Adding Customized Expert Functions

In addition to the expert functions included in the package, users can also write their own expert functions specific to a particular modelling problem (not confined within actuarial contexts).

Type Hierarchy

Expert functions are implemented as subtypes of the AnyExpert type in this package.
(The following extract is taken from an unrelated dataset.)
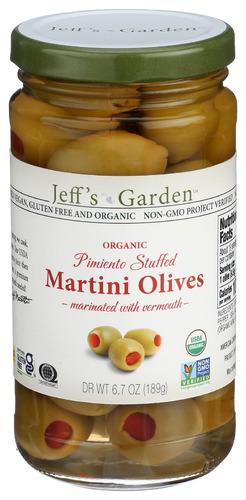 Jeffs Garden Olives Martini Stufd Organic - 12 Fo (6 Units)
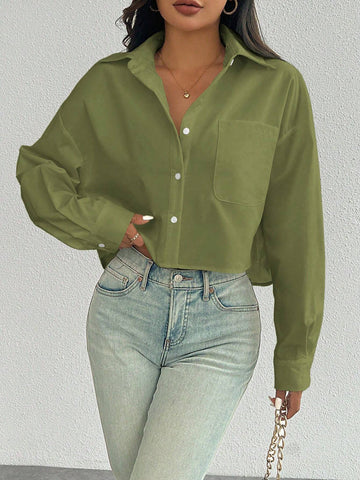 ChicEase Women Plain Button Front Long Sleeve Pocket Casual Shirt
A good number of expert functions are simply wrappers around the UnivariateDistribution type in Distributions.jl (details here), and functions such as pdf and cdf are also directly using those in Distributions.jl.

Expert functions can be defined either on the real line, or only on nonnegative values (as is usually the case for actuarial loss modelling).

# Abstract type: support of expert function
abstract type ExpertSupport end
struct RealValued <: ExpertSupport end
struct NonNegative <: ExpertSupport end

Considering zero inflation is prominant in many actuarial applications, expert functions can be either zero-inflated or not, provided that they are supported only on nonnegative values.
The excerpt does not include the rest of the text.